Start of Supplied data

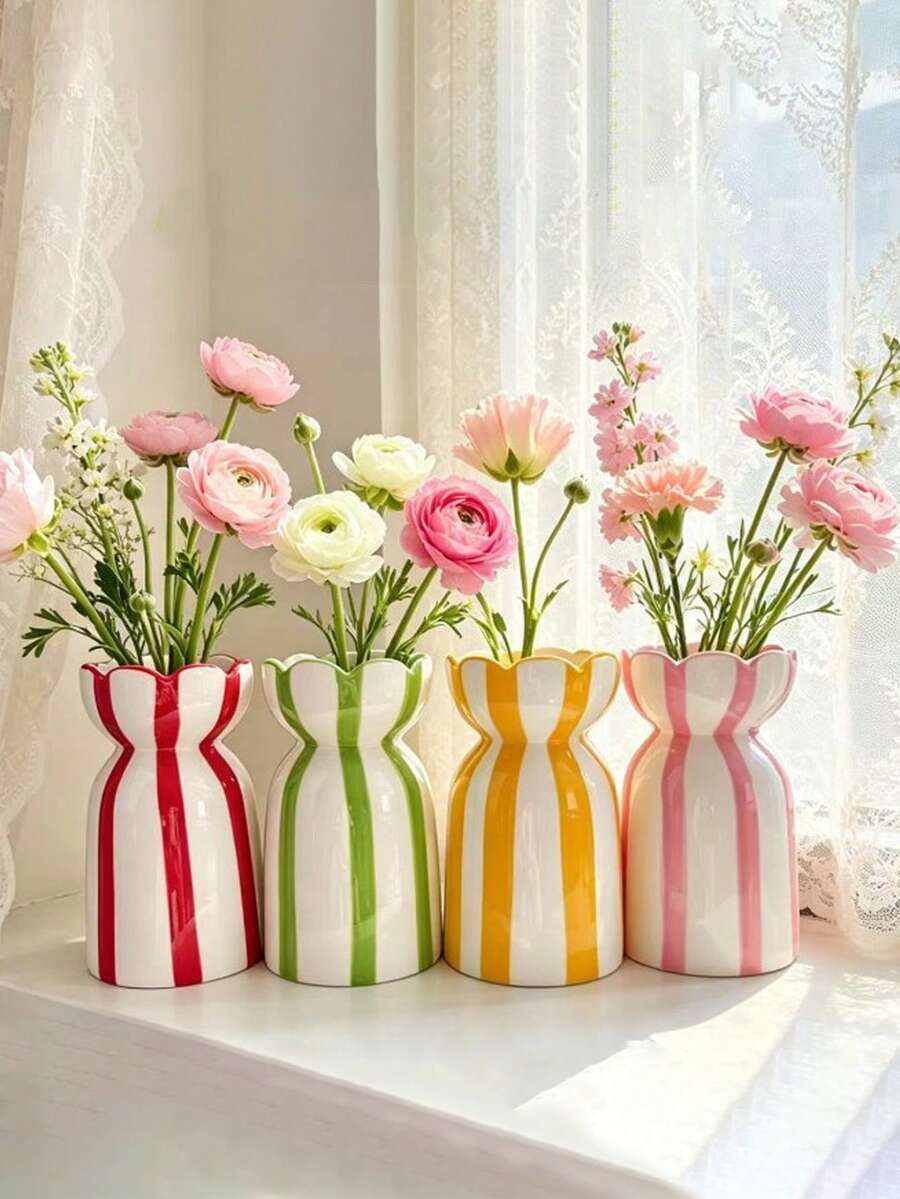 1pc Classic Hand-Painted Striped Ceramic Vase, Modern Minimalist Ins Style Creative Hand-Painted Flower Arrangement Decor, Multi-Functional Decorative Ornament For Living Room, Entryway, Office, Atmosphere Photography Prop - Multicolor - View 1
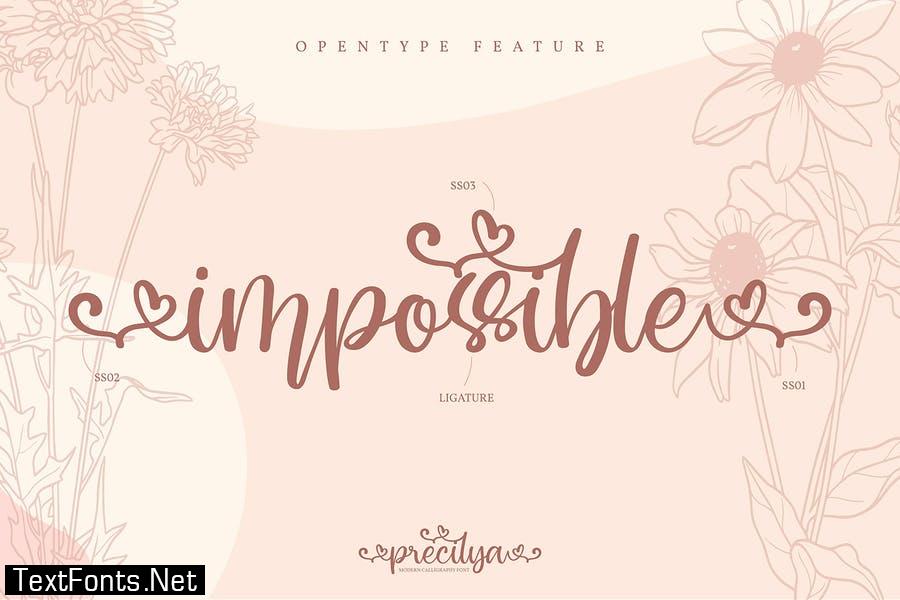 Precilya | Modern Calligraphy Font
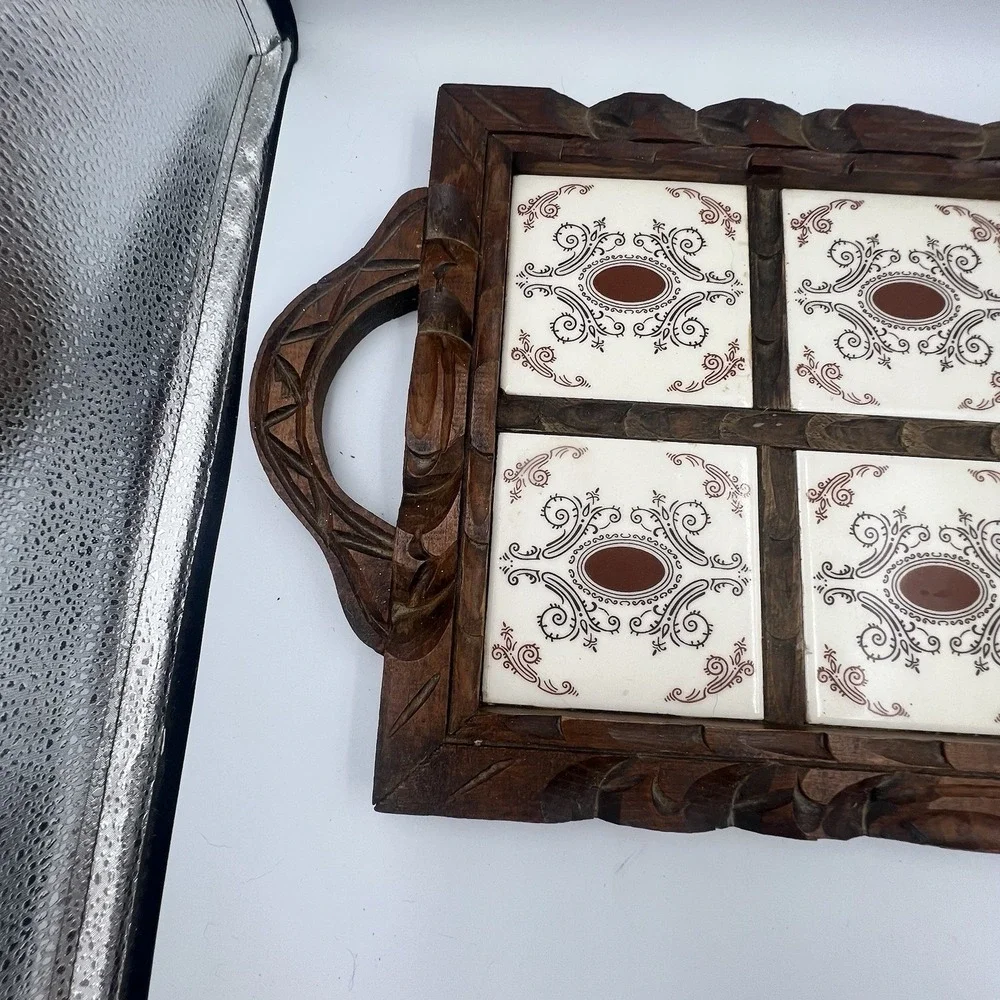 Vintage Hand Carved Mexican Folk Art Wood Serving Tray Ceramic Tiles 22 x 12.5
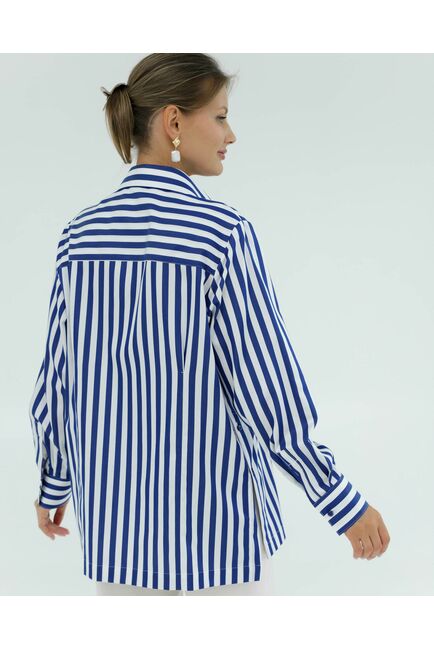 Женская рубашка из хлопка и тенсела в синюю полоску 8856 от byME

End of Supplied data

Apart from the pictures, every line of the data above should be given again exactly.

 1pc Classic Hand-Painted Striped Ceramic Vase, Modern Minimalist Ins Style Creative Hand-Painted Flower Arrangement Decor, Multi-Functional Decorative Ornament For Living Room, Entryway, Office, Atmosphere Photography Prop - Multicolor - View 1
 Precilya | Modern Calligraphy Font
 Vintage Hand Carved Mexican Folk Art Wood Serving Tray Ceramic Tiles 22 x 12.5
 Женская рубашка из хлопка и тенсела в синюю полоску 8856 от byME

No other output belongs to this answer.